Monday, July 26, 2010

New York Dreaming

Stone Park Cafe
Source: http://graphics8.nytimes.com/images/2005/03/30/dining/30rest.390.jpg

Okay, so here it is: bicoastal episode in all its glory.

Just yesterday I was feeling giddy about living in California (7/25 post), and today I am wishing I lived 5,000 miles away, in the Meatpacking District...or Park Slope.

I am going to NYC in a couple weeks to get my fix.

V, a girlfriend from high school and culinary-school trained foodie, is arranging a little dinner reunion for my visit. She has emailed me the names of four restaurants in Brooklyn that she recommends.

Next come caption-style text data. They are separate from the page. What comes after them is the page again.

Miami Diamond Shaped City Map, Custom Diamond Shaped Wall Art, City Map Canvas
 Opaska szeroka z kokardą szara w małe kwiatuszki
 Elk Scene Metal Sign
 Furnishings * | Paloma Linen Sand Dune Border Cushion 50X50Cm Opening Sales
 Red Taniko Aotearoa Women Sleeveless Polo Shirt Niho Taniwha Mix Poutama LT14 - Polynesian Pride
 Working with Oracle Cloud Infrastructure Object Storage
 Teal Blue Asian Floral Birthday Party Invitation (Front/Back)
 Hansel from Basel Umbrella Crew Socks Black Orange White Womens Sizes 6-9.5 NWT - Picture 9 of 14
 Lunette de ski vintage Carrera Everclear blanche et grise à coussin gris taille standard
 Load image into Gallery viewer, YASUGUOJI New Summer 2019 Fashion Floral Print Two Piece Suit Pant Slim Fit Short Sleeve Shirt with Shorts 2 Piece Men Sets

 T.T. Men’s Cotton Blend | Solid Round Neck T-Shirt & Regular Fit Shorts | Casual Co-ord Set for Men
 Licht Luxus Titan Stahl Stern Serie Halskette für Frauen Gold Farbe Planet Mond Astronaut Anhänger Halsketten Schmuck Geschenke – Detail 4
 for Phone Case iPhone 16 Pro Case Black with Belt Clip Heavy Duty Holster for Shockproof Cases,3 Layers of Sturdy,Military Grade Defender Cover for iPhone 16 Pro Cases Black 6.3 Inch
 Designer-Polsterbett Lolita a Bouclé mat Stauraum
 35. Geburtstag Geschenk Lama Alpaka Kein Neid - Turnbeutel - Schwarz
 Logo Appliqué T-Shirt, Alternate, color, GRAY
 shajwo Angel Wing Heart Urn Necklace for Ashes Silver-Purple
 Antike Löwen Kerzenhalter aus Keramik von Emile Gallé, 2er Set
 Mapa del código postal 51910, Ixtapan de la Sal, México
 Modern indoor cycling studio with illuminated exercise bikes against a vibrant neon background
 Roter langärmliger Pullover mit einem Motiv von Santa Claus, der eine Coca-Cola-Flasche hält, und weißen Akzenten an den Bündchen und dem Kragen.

Charno4 - her favorite; "super, super yummy with GREAT cocktails"
Stone Park Cafe - her favorite in Park Slope
Moim - a Korean restaurant where "you don't smell like food" upon leaving
Toby's - "great pizza and great atmosphere"

In checking out the first two, depression sank in. I was already feeling homesick (for New York, that is) just thinking about the post-travel gloom which will start to settle in on my last day in the city...or sooner...

That's right. The trip hasn't even happened yet.

The photos for Char No.4 show a gorgeous wood-paneled restaurant bathing in warm lighting the color of Johnny Walker Red. Pics of Stone Park Cafe' reveal a cozy brick interior with hardwood floors... I could smell the hot cider and cinnamon from the computer screen. No fair no fair no fair.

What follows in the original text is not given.